In Maryland a “restraining order” refers to a peace order or a protective order. A restraining order is a legal order issued by a state court which requires one person to stop harming another. In Maryland, there are several types of restraining orders. If you are dealing with a violent or dangerous spouse, you need to take action immediately. Although many people can act like bullies when they are angry, there is a world of difference between someone who says hurtful things and someone who will hurt you. If you believe that you are or your children are in danger, you need to speak with a lawyer competent in handling family matters before things get worse. A restraining order can very well provide you with the protection you need.
If you have a lawyer, he or she needs to be the first person you go to. They can fill out the papers and take them to the judge in order to receive the restraining order. If you do not have a lawyer, you can still receive the restraining order.
The following are the types of domestic violence that enable you to get a protective order. Maryland law defines “abuse” as the occurrence of one or more of the following acts between “family or household members.”
• Assault
• An act that places a person in fear of imminent serious bodily harm
• An act that causes serious bodily harm
• Rape or a sexual offence
• Attempted rape or sexual offense
• Stalking
• False imprisonment, such as interference with freedom, physically keeping you from leaving your home or kidnapping you.
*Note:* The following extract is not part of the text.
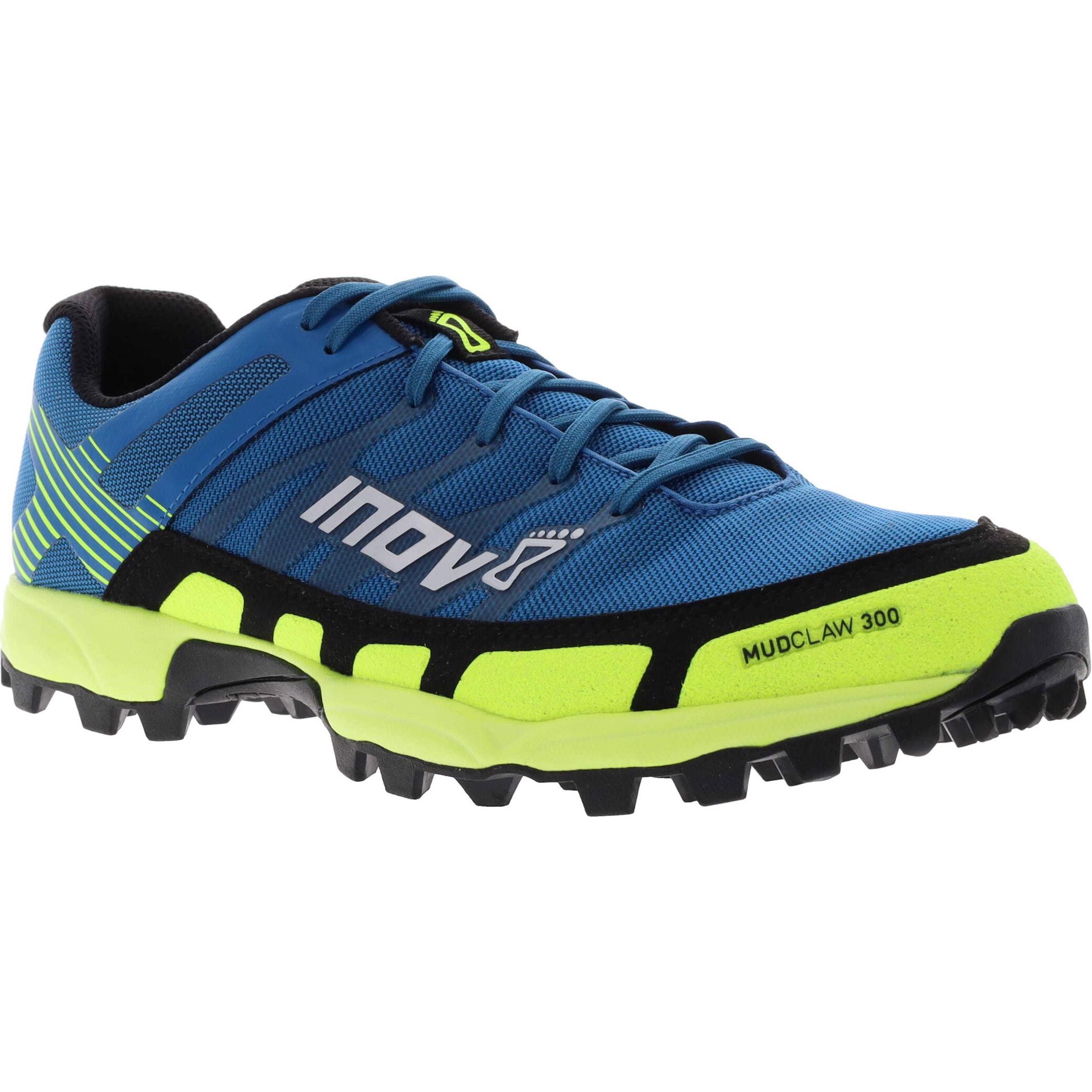 Thumbnail - inov-8, Herren, Laufschuhe, Mudclaw 300 (42.5), Blau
A Protective Order (also known as a “Domestic Violence Protective Order,” or “DVPO”) is an order made by a civil court to protect a person from physical pain or injury or threat of physical pain or injury. There are three types of protective orders:
Interim protective orders. If you are in immediate danger of abuse and the court is closed, you may get an interim order by going to the nearest District Court commissioner. An interim order goes into effect once the respondent is served by a law enforcement officer. The interim order lasts until a judge holds a temporary hearing.
Temporary (ex parte) protective orders. When you go to court to file for a final protective order, you can also ask for a Temporary order. This can be done without a full court hearing and without your abuser present. Your abuser is notified that you have an order against him as soon as a Temporary order is issued. The Temporary order is in effect for 7 days after service of the order, at which point a full court hearing will be held for a final protective order. The judge may extend the temporary order as needed, but not to more than 30 days.
Final protective orders. A final protective order can be issued only after a full court hearing, where you and the abuser both tell your sides of the story to a judge. You must attend that hearing. If you do not go to the hearing, your temporary order may expire and you will have to start the process over. A final protective order will last up to one year, unless otherwise stated. Orders may also be extended

In a Protective Order, a judge may order your abuser to:
• Stay away from you and your children;
• Stay away from you and your children’s residence, work place, school, day care, friends’ homes, any place where you are seeking shelter, etc.;
• Stop threatening or hurting you;
• Stop contacting or harassing you;
• Move out of the house (if you shared it) and not return;
• Surrender to the sheriff’s office any weapon the abuser possesses;
• Pay for your filing fees and legal fees.
• The Protection Order can also:
• Give you possession of shared property (such as a house or car) except for the abuser’s personal property;
• Award you temporary custody of a minor child, order the abuser to pay temporary child support, and establish temporary visitation;
• Order your abuser to help support you and your children financially;
• Order the abuser to attend treatment programs;
• Other reasonable requests that the judge believes are necessary in order for you to be free from the violence.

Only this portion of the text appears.